This week, we layer the 2008 electoral map on top of an 1860 map of cotton production in the U.S. South. Notice how strongly the counties that voted for Obama correlate with 1860 cotton production.
Source: From Pickin' Cotton to Pickin' Presidents
What does this tell us?
First, we see that by and large, the folks who produced that cotton - by force, as we know - still maintain a presence in the area once known as the "Black Belt," both for its soil and for its forced labor. That density patterns of African-Americans in the South still reflect the same geographical pattern of 150 years ago is interesting, but probably no surprise to any of us. Today, the cotton counties are still largely rural, with small towns sprinkled throughout, and have a strong enough African-American presence to turn blue in a sea of red.

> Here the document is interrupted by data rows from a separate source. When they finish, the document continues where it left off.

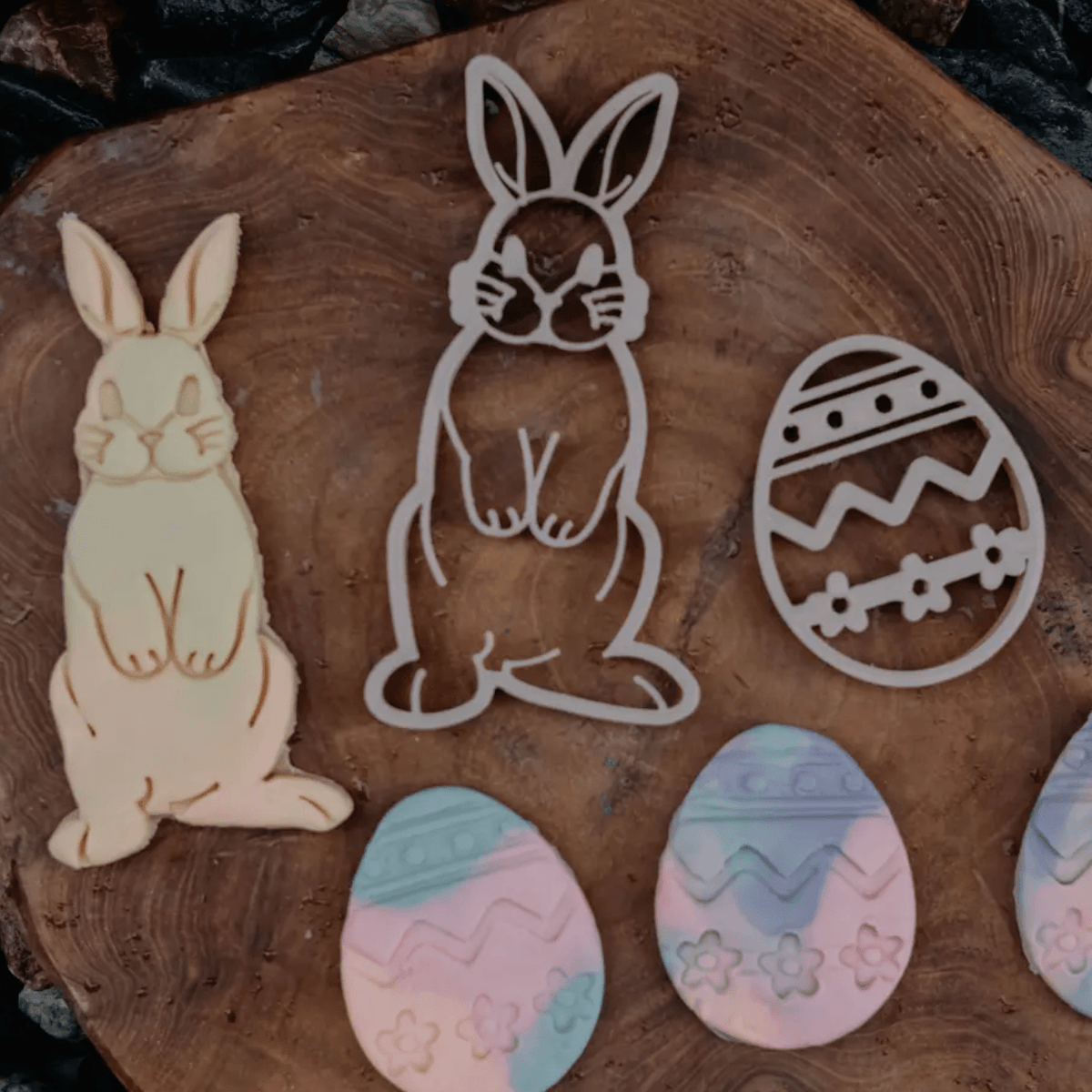 The Curated Parcel - Eco Cutter - Bunny &amp; Egg Set 
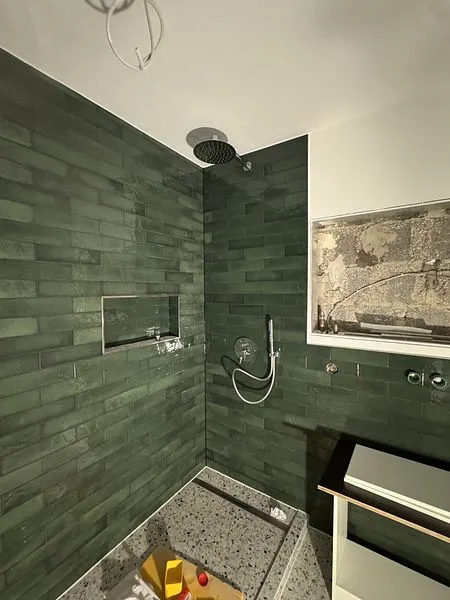 Walk-in-Dusche mit grünen Fliesen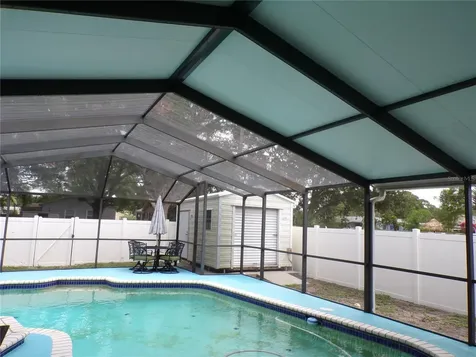 811 48th Avenue N St Petersburg FL 33703
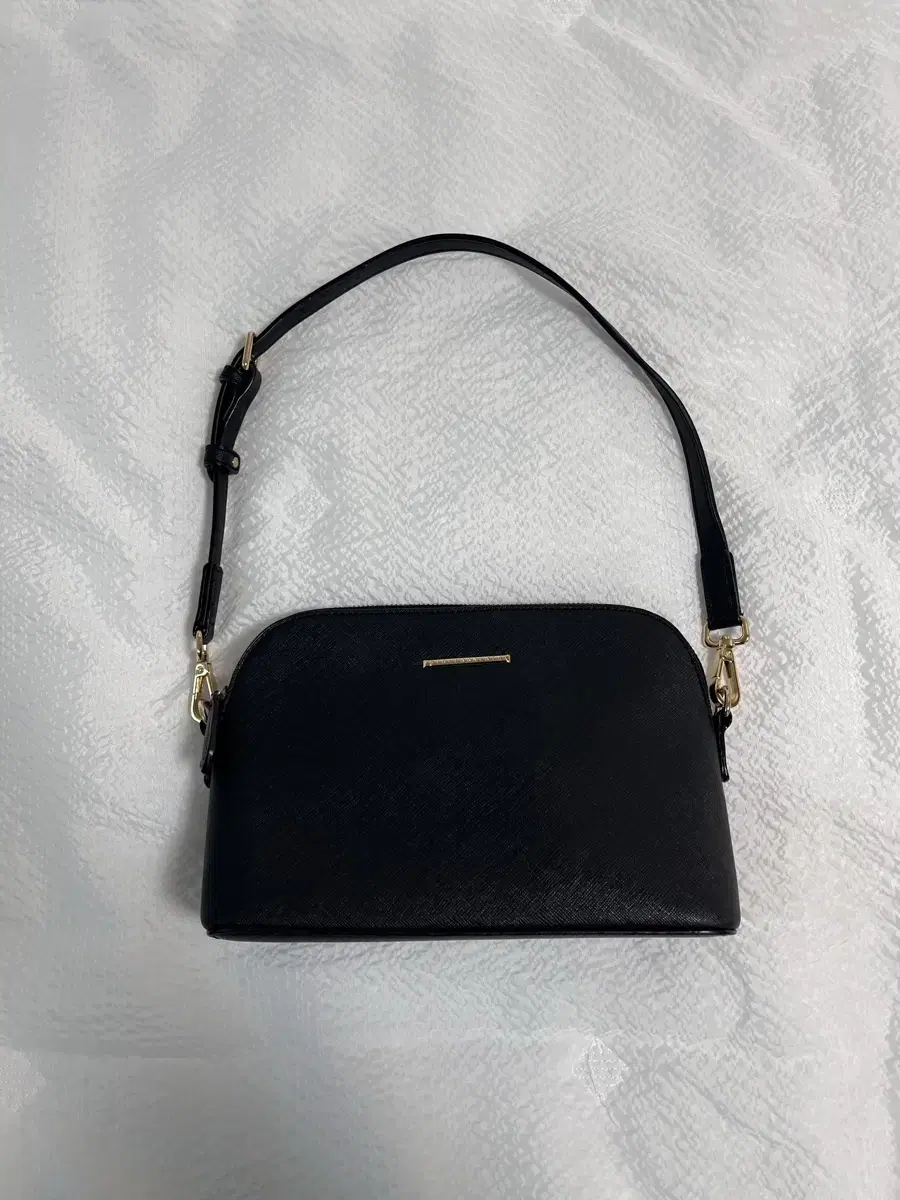 Pierre Cardin Shoulder Bag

The layering of the cottom map with the electoral map provides, for me, an opportunity to reflect on race and change in our country. Like many of you, I see the election of Barack Obama as a reckoning a sorts, a statement of hope, a turning of a new leaf. In the context of last week's wonkery, this map is a powerful testament to me of a new way forward for the South. That the nation's choice for president is the same choice that Southern blacks made is progress in and of itself. By throwing out our old notions of Southern politics, it's possible to interpret that the South has spoken again, only this time, with different voices doing the speaking. This other population of the South - those victims of hate and structural oppression in the name of color - have not only spoken, they have been heard. 150 years later, who exactly is 'backward?'
To me, this map looks like a wave of blue hope. What do you see?